Review: Gerard Way at Koko, London

Somehow, my friend Christie managed to get hold of two tickets to see Gerard Way at Camden's Koko on Monday which, both being huge MCR fangirls, was pretty exciting for us. We've already seen him play solo at Reading, but this was to be our first experience of his own gig without the other 3- or 4, depending on the year- band mates. 

Being old and having used up all our waiting-in-line-for-9-hours-to-get-to-the-barrier days 10 years ago, we decided to pop across the road and have a drink before heading into the Koko at the end of support act Darlia's set.

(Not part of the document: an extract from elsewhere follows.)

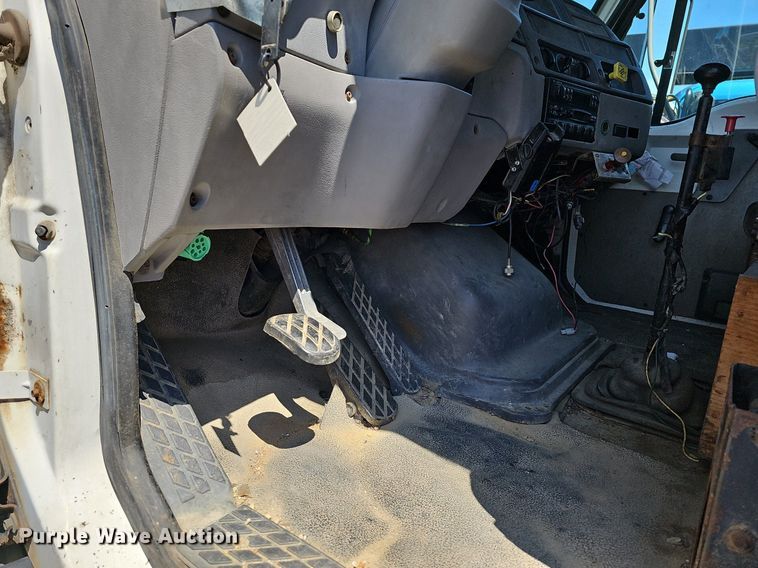 image for item LW9610 1998 Ford L8501  flatbed truck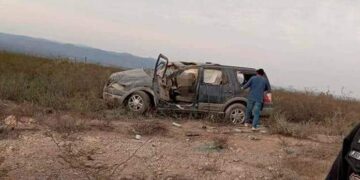 Dos muertos, deja volcadura en Matehuala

Securing a nice little spot in the corner of the lower floor, we had a good vantage point to see the stage while keeping sweaty teenagers at arm's length. We were both surprised by how many young teens were in attendance, often with their parents. I'd assumed that his fan base would mostly be girls in their mid to late 20s- those who were teenagers when MCR hit the scene. However, we let these whippersnappers head down the front while we hung back with the parents, an odd-looking man who turned out to be the editor of Kerrang, and two very nice Glaswegians who had bought tickets on Gumtree, unaware that they were for the January gig, but were kindly allowed in by security.  

In between support acts, David Bowie's greatest hits played as a reminder of the artist and British music that has always inspired Gerard. His debut solo album, Hesitant Alien, and new flame-haired image is certainly reminiscent of Bowie but his influence has been obvious as far back as 2005's cover of Under Pressure

Before Gerard walked out on stage, however, we were treated (for want of a better word) to Chantal Claret's support set. Her shrill squealing voice was immediately grating for me but was made up for by her catchy, bluesy rock pop tracks and her infectiously happy backing singers. Although undeniably entertaining, Chantal's antics on stage were increasingly sexual in a quite antiquated fashion, strutting around with her microphone propped in her cleavage and selling her broken bra. Halfway through her set, she took time out to thank Gerard for being such a genuinely nice person for allowing her to support him, telling the crowd that she was tearing up just from thinking about how lovely it was of him. I was a little confused as to why she was chosen to support him. Although her sound was certainly well-matched, her antics on stage were an odd choice for a predominantly young female audience. Then, for her last song, she brought out her husband- Jimmy Urine of Mindless Self Indulgence, the band mate of Gerard's wife. Suddenly everything seemed very contrived when it became clear that she was Gerard's mate and I was pretty disappointed, even more so when she began clambering over her husband and licking his stomach, ending her set with a gratuitous kiss. 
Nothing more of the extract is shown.